→ **Information supplied**

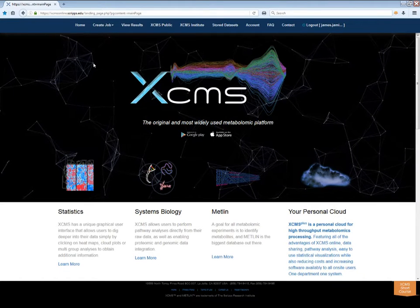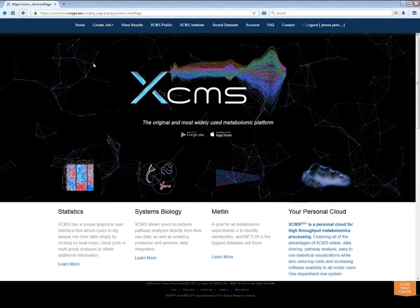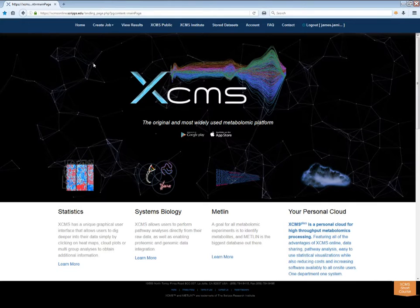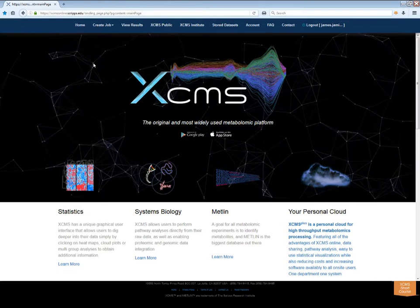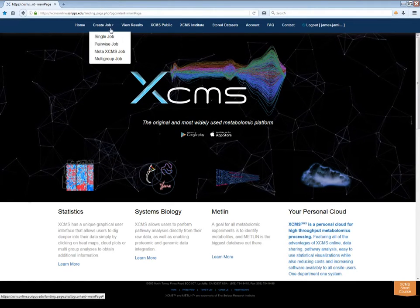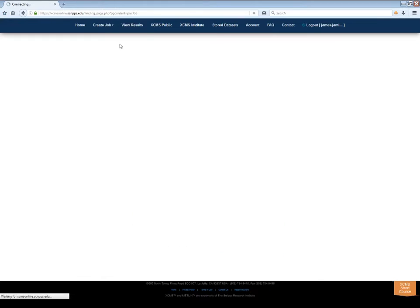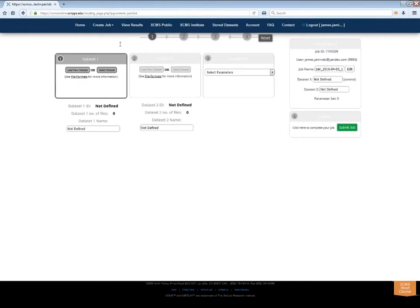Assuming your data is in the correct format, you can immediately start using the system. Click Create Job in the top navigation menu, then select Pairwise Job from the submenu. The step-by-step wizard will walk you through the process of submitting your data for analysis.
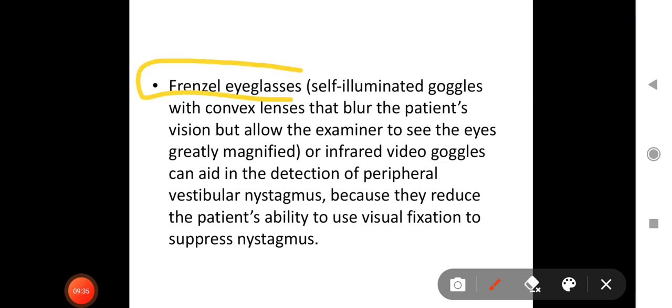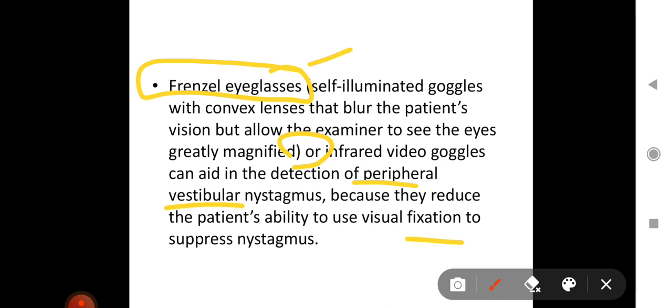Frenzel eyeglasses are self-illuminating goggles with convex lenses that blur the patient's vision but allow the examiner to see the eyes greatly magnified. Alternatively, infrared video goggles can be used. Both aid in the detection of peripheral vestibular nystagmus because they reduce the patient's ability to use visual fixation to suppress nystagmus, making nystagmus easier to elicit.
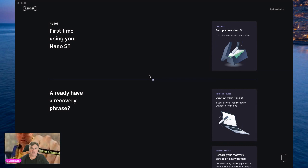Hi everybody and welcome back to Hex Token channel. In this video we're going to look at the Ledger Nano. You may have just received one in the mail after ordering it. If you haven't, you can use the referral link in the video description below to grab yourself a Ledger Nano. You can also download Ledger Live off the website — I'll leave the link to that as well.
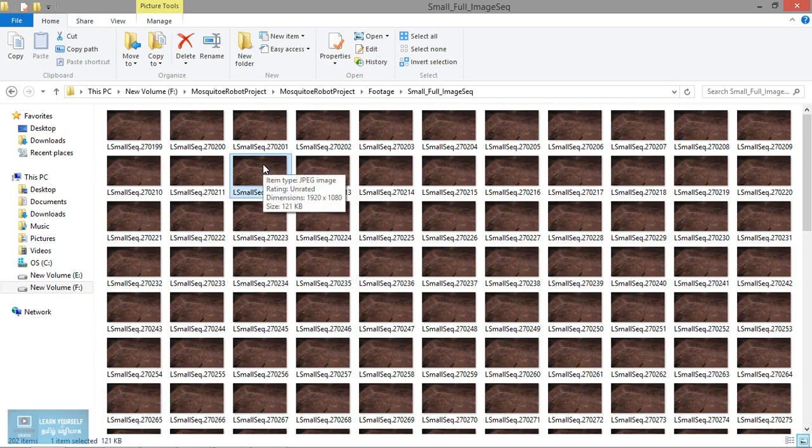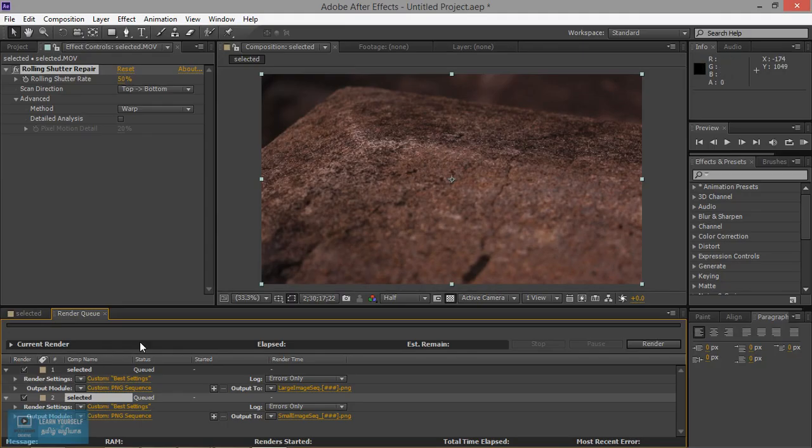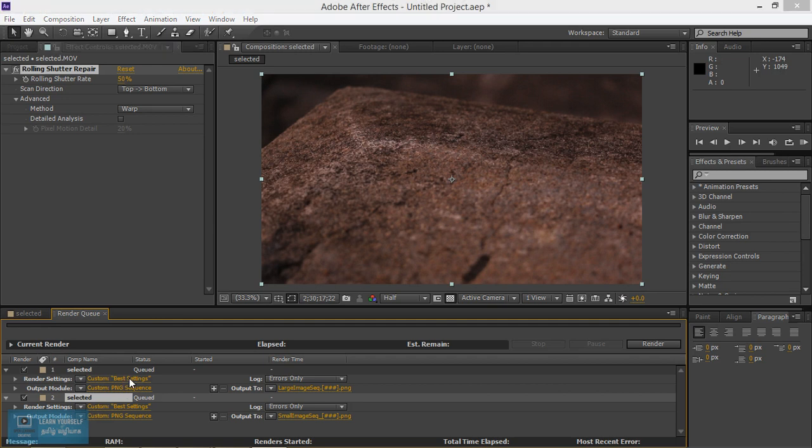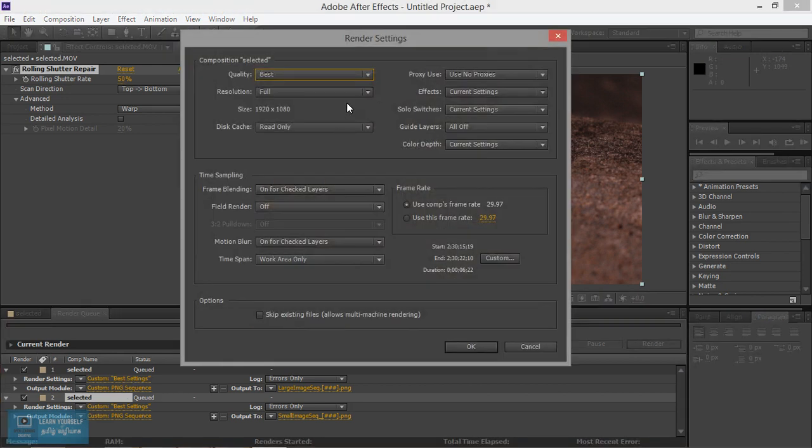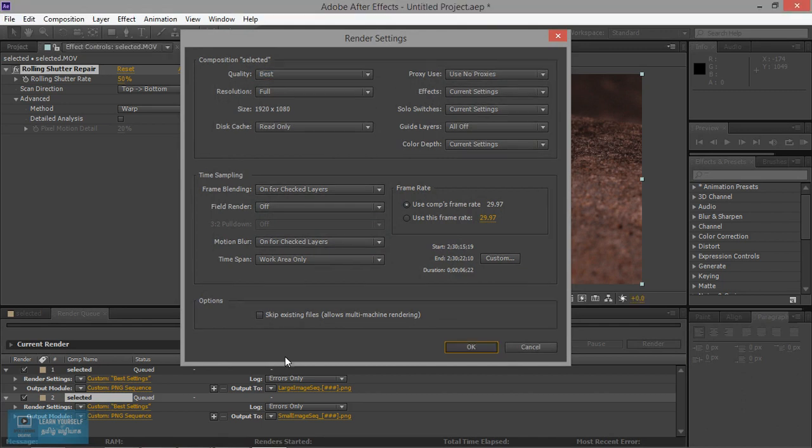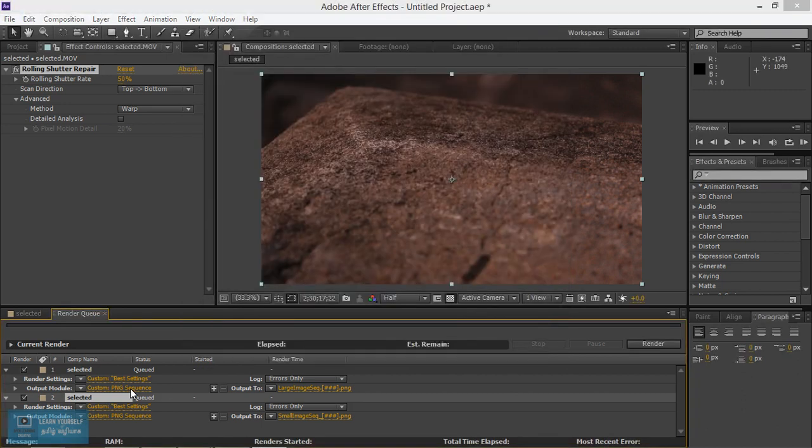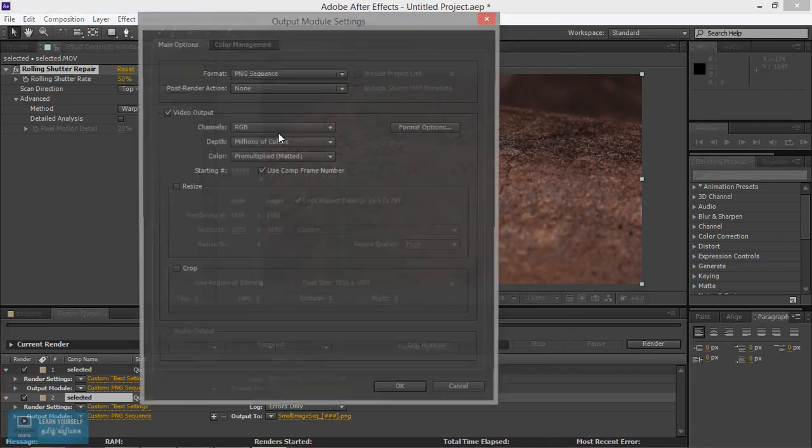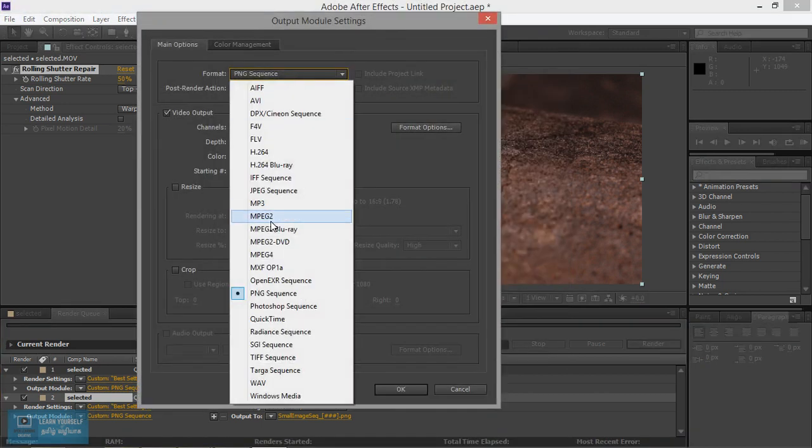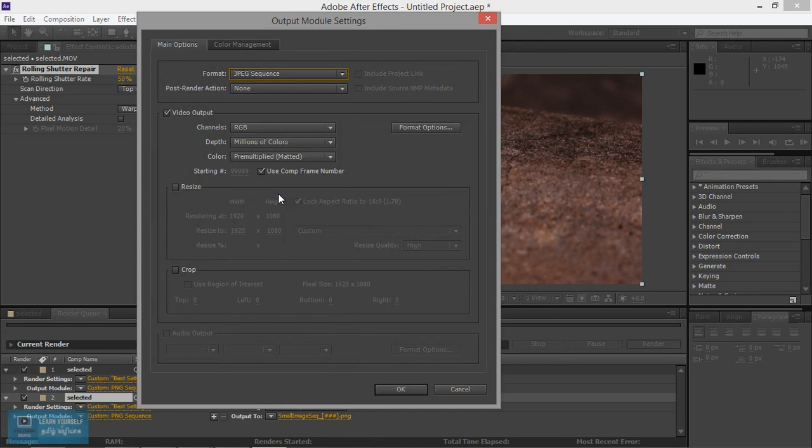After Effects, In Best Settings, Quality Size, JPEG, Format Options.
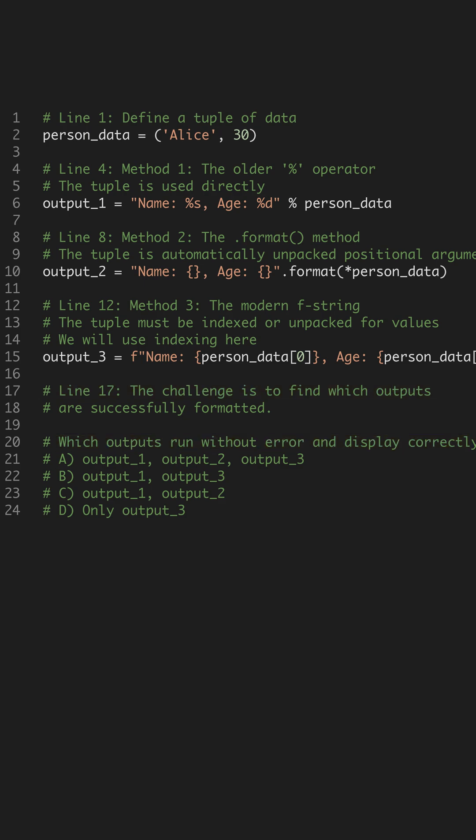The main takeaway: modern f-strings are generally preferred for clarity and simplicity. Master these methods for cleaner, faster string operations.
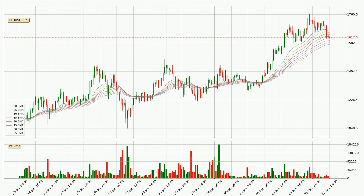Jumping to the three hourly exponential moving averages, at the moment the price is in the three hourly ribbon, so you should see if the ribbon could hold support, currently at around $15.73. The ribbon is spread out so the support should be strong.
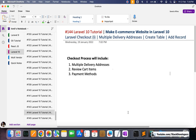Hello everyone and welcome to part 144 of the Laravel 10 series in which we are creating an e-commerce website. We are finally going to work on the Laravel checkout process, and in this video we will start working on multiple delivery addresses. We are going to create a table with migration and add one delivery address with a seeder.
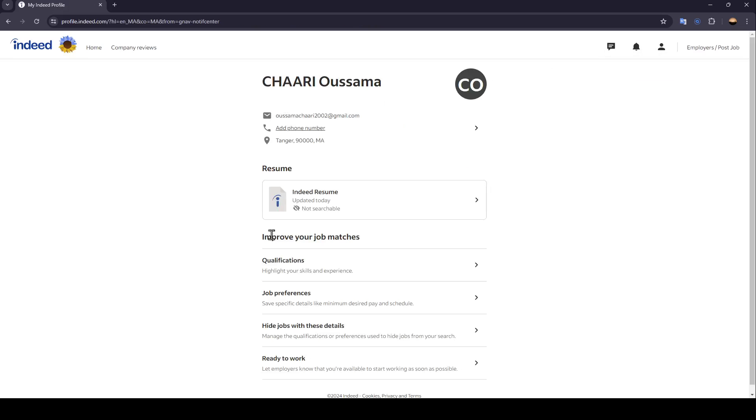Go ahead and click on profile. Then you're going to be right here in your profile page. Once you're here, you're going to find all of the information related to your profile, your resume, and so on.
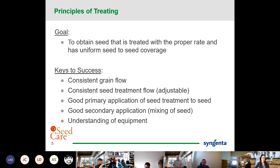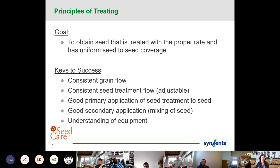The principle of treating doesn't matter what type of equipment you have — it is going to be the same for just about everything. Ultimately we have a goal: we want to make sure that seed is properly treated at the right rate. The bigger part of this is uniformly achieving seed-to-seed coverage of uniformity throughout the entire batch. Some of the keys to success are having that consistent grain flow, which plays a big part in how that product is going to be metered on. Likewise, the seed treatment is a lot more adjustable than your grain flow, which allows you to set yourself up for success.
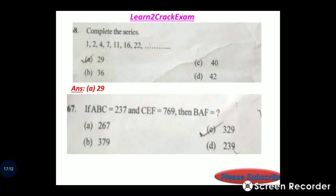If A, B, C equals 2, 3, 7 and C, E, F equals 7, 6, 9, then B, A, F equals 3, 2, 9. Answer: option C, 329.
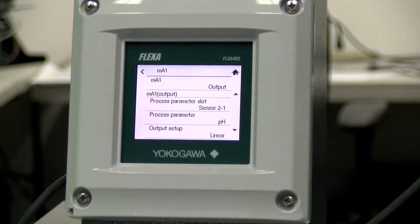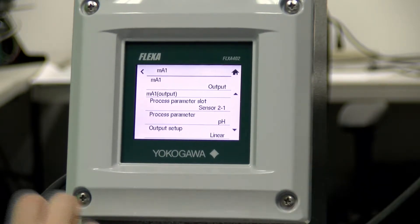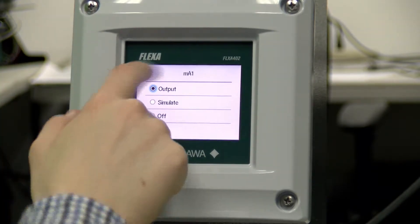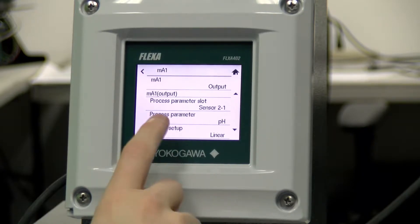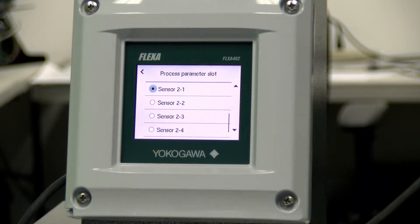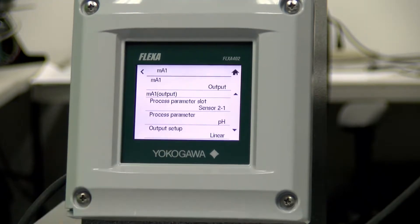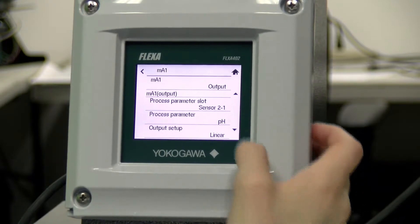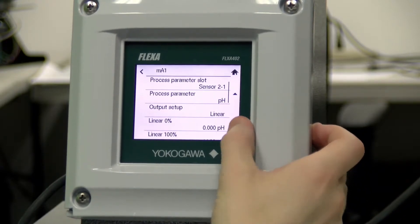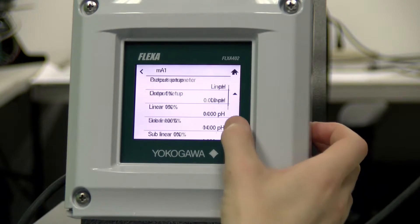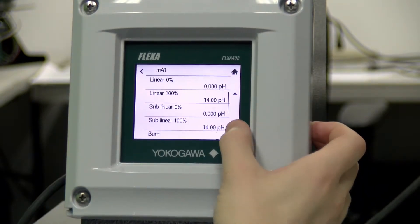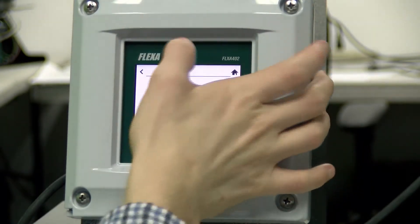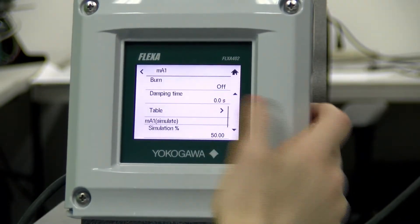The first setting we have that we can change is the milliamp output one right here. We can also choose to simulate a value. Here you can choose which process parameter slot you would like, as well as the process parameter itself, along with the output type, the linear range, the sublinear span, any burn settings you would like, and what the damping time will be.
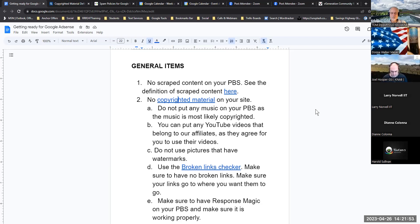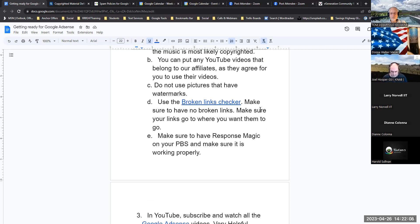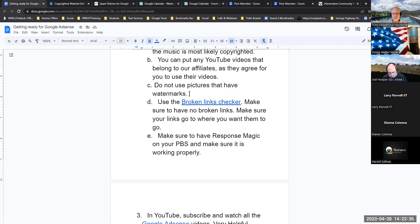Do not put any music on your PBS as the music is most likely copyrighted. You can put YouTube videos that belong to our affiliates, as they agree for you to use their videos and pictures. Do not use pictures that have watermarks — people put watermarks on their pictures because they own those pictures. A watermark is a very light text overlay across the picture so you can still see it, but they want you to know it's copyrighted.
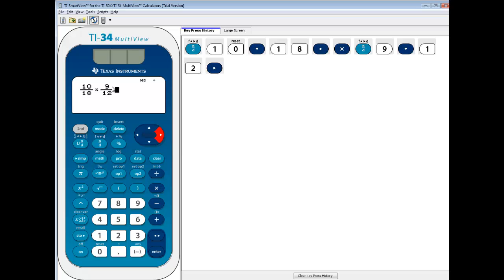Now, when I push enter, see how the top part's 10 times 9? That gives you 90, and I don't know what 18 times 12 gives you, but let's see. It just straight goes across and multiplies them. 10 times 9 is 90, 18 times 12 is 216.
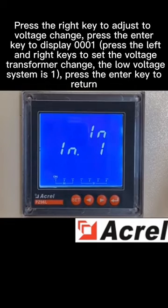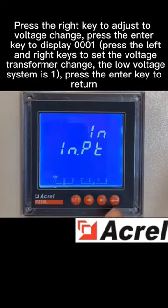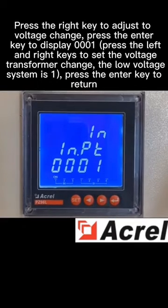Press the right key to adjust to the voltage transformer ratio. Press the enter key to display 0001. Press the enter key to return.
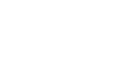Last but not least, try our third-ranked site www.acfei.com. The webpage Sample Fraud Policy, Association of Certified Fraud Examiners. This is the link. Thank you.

→ **Work request**
Return the listing above unchanged, apart from dropping its pictures.

→ **Result of this task**
Assuming your data is in the correct format, you can immediately start using the system. Click Create Job in the top navigation menu, then select Pairwise Job from the submenu. The step-by-step wizard will walk you through the process of submitting your data for analysis.
Frenzel eyeglasses are self-illuminating goggles with convex lenses that blur the patient's vision but allow the examiner to see the eyes greatly magnified. Alternatively, infrared video goggles can be used. Both aid in the detection of peripheral vestibular nystagmus because they reduce the patient's ability to use visual fixation to suppress nystagmus, making nystagmus easier to elicit.
Hi everybody and welcome back to Hex Token channel. In this video we're going to look at the Ledger Nano. You may have just received one in the mail after ordering it. If you haven't, you can use the referral link in the video description below to grab yourself a Ledger Nano. You can also download Ledger Live off the website — I'll leave the link to that as well.
After Effects, In Best Settings, Quality Size, JPEG, Format Options.
The main takeaway: modern f-strings are generally preferred for clarity and simplicity. Master these methods for cleaner, faster string operations.
Jumping to the three hourly exponential moving averages, at the moment the price is in the three hourly ribbon, so you should see if the ribbon could hold support, currently at around $15.73. The ribbon is spread out so the support should be strong.
Hello everyone and welcome to part 144 of the Laravel 10 series in which we are creating an e-commerce website. We are finally going to work on the Laravel checkout process, and in this video we will start working on multiple delivery addresses. We are going to create a table with migration and add one delivery address with a seeder.
Go ahead and click on profile. Then you're going to be right here in your profile page. Once you're here, you're going to find all of the information related to your profile, your resume, and so on.
The principle of treating doesn't matter what type of equipment you have — it is going to be the same for just about everything. Ultimately we have a goal: we want to make sure that seed is properly treated at the right rate. The bigger part of this is uniformly achieving seed-to-seed coverage of uniformity throughout the entire batch. Some of the keys to success are having that consistent grain flow, which plays a big part in how that product is going to be metered on. Likewise, the seed treatment is a lot more adjustable than your grain flow, which allows you to set yourself up for success.
If A, B, C equals 2, 3, 7 and C, E, F equals 7, 6, 9, then B, A, F equals 3, 2, 9. Answer: option C, 329.
The first setting we have that we can change is the milliamp output one right here. We can also choose to simulate a value. Here you can choose which process parameter slot you would like, as well as the process parameter itself, along with the output type, the linear range, the sublinear span, any burn settings you would like, and what the damping time will be.
Do not put any music on your PBS as the music is most likely copyrighted. You can put YouTube videos that belong to our affiliates, as they agree for you to use their videos and pictures. Do not use pictures that have watermarks — people put watermarks on their pictures because they own those pictures. A watermark is a very light text overlay across the picture so you can still see it, but they want you to know it's copyrighted.
Now, when I push enter, see how the top part's 10 times 9? That gives you 90, and I don't know what 18 times 12 gives you, but let's see. It just straight goes across and multiplies them. 10 times 9 is 90, 18 times 12 is 216.
Press the right key to adjust to the voltage transformer ratio. Press the enter key to display 0001. Press the enter key to return.
Last but not least, try our third-ranked site www.acfei.com. The webpage Sample Fraud Policy, Association of Certified Fraud Examiners. This is the link. Thank you.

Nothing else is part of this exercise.